История сыска в России, кн.1 - Кошель Пётр Агеевич - Страница 10


Изменить размер шрифта:

10

В Тайную канцелярию немедленно доставили бабку Полозову, а вместе с ней и доносчика Бунина.

Началось следствие. Несчастную старуху три раза вздёргивали на дыбу, пытали огнём; она созналась во всех своих словах, приведённых Буниным в доносе, но больше ничего не могла показать, поскольку ничего не знала. Было указано «ещё разыскивать и пытать её накрепко», но выполнить этот приказ оказалось невозможным: сами судьи определили, что «токмо ею не разыскивано за ея болезнью; и ныне её не разыскивать же, понеже она весьма от старости в здоровье слаба».

Можно представить, в каком состоянии была старушка, если даже Тайная канцелярия отказалась пытать её.

Бунин счастливо спасся от пытки. Для этого он воспользовался уловкой, бывшей тогда в большом ходу. Он попросил прислать священника для исповеди. Такие просьбы среди ожидавших пытки не были редкостью, и к Бунину явился священник Хитрый писарь отлично знал, что каждое слово, произнесённое им на исповеди, будет непременно передано судьям, и «покаялся», что «доносил на Маремьяну без всякой страсти и злобы, прямою христианскою совестью» и что всё написанное им – святая истина.

За Бунина, кроме того, просил один из вице-адмиралов, у которого он исполнял обязанности секретаря, и судьи махнули на него рукой. Доносчик отделался двухмесячным тюремным заключением и страхом пытки.

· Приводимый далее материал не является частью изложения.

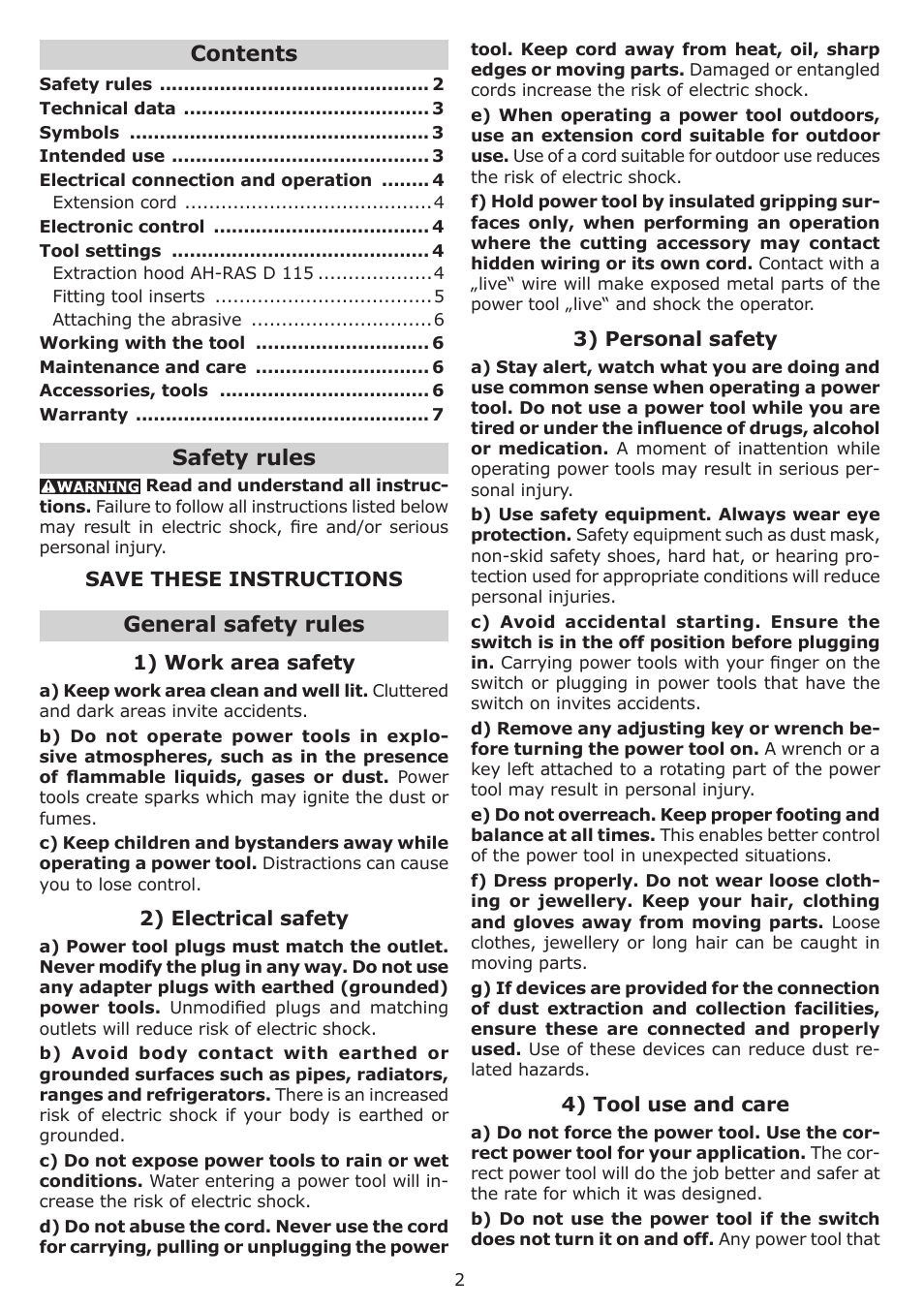 Festool RAS 115.04 E User Manual | Page 2 / 20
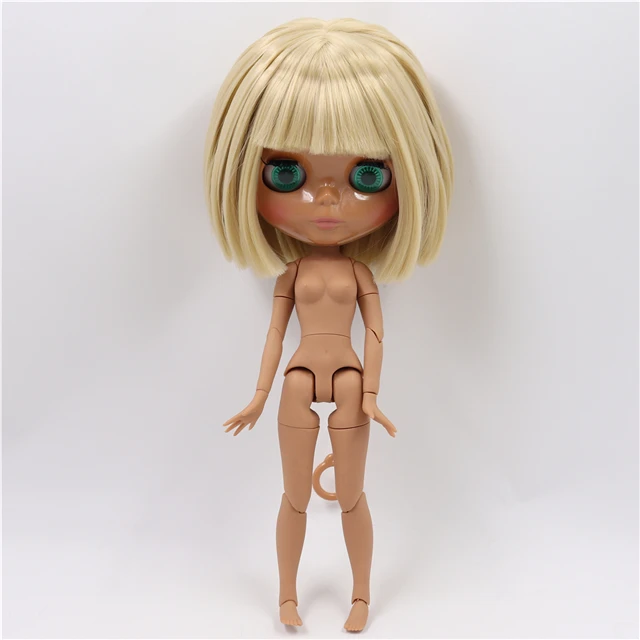 Ледяная фабрика blyth кукла темная кожа суставное тело короткие светлые волосы BL538 30 см 1/6 игрушка кукла - Цвет: naked doll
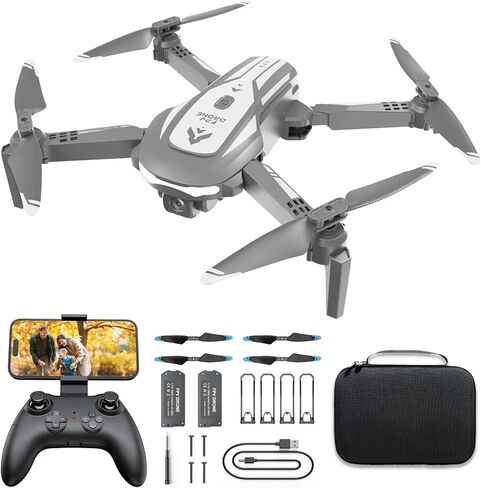 طائرة بدون طيار مع كاميرا للأطفال البالغين، طائرة هليكوبتر صغيرة قابلة للطي FPV تعمل بالتحكم عن بعد، طائرة هليكوبتر RC مع كاميرا فيديو حية 1080 بكسل، صورة شخصية للإيماءات، مفتاح تشغيل واحد، بطاريتان، ألعاب/هدايا للأولاد والبنات in Kuwait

Кроме того, ему ничего не заплатили за донос, потому что Маремьяна ни в чём не повинилась.

Еле живую старуху, искалеченную пыткой, сослали в Пустозерск – в ста верстах от Ледовитого океана. При этом было постановлено, что «пропитание ей иметь от своих трудов, как возможет».

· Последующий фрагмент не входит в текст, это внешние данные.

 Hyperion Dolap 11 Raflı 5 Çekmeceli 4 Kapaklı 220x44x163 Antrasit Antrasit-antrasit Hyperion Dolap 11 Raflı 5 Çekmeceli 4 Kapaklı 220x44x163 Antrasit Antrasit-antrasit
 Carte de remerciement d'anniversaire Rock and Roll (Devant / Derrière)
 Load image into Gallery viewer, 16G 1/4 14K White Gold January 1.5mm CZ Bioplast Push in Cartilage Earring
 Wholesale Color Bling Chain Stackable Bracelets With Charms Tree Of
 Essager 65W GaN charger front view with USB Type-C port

Это было одно из редких дел Тайной канцелярии, кончившихся трагически в царствование Анны Иоанновны. Обычно в то время пустяковые, большей частью «пьяные» дела, носили почти водевильный характер.

В канцелярию петербургского обер-полицмейстера была доставлена солдатская жена Ирина Иванова.

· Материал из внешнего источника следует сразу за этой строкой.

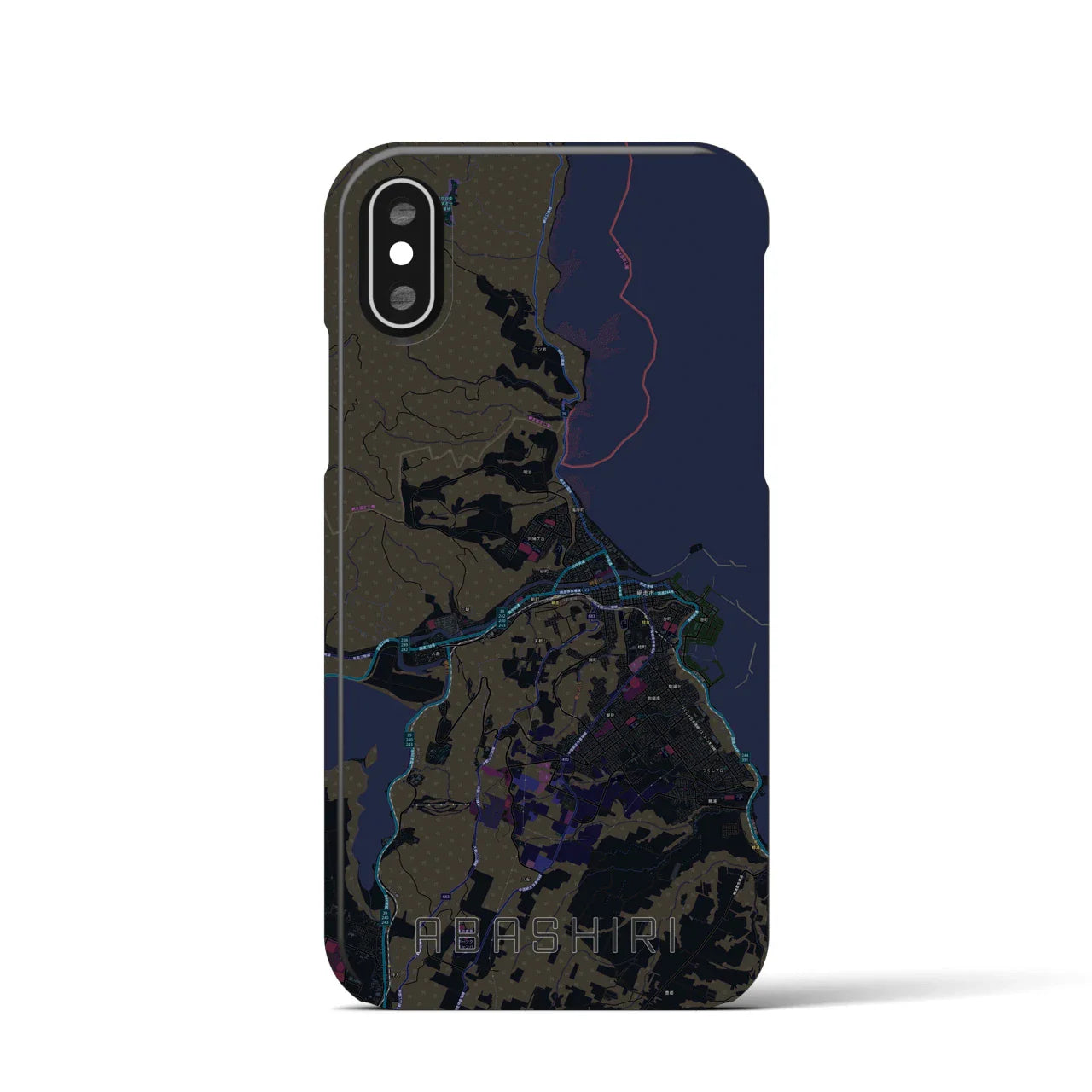 【網走(北海道)】地図柄iPhoneケース(バックカバータイプ)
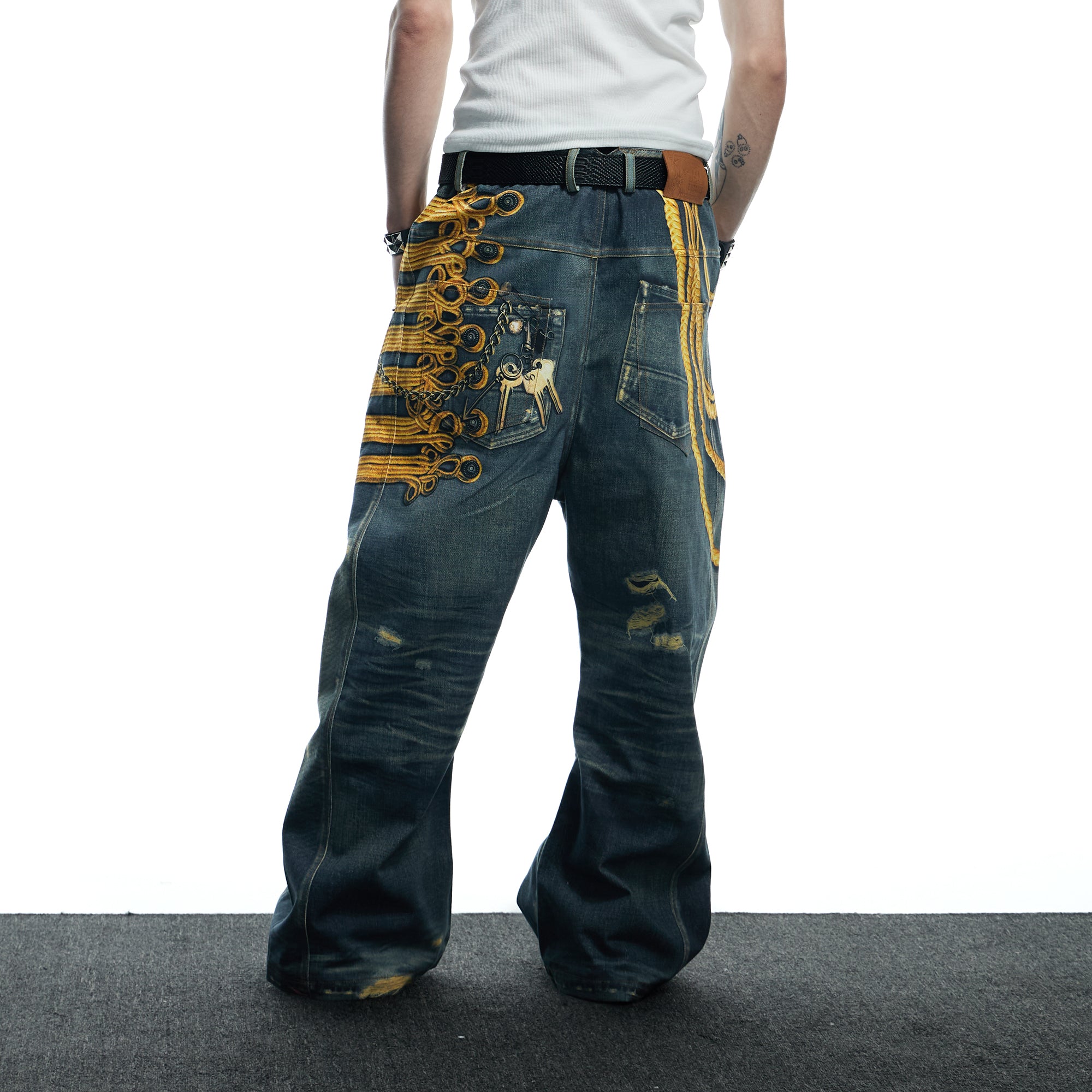 DND4DES Regal Braid Graphic Curved-Leg Baggy Jeans, premium urban and streetwear designers apparel on PROJECTISR.com, DND4DES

Полицейский сотник, доставивший её, рапортовал по начальству:

«Вчерашнего числа вечером был я на петербургской стороне, в Мокрушиной слободе, и проходил вместе с десятским, для того чтобы за порядком наблюдение иметь. Проходя мимо дома солдатки Ирины, услыхали мы крик великий. Вошли во двор и стали тот крик запрещать. Из избы выбежали два бурлака и стали нас бить, а там выбежала самая солдатка и стала зазорно поносить начальство, и о его светлости негоже кричала. Того ради мы её и взяли, а бурлаков отправили на съезжую».

Ирина самым решительным образом опровергала все показания.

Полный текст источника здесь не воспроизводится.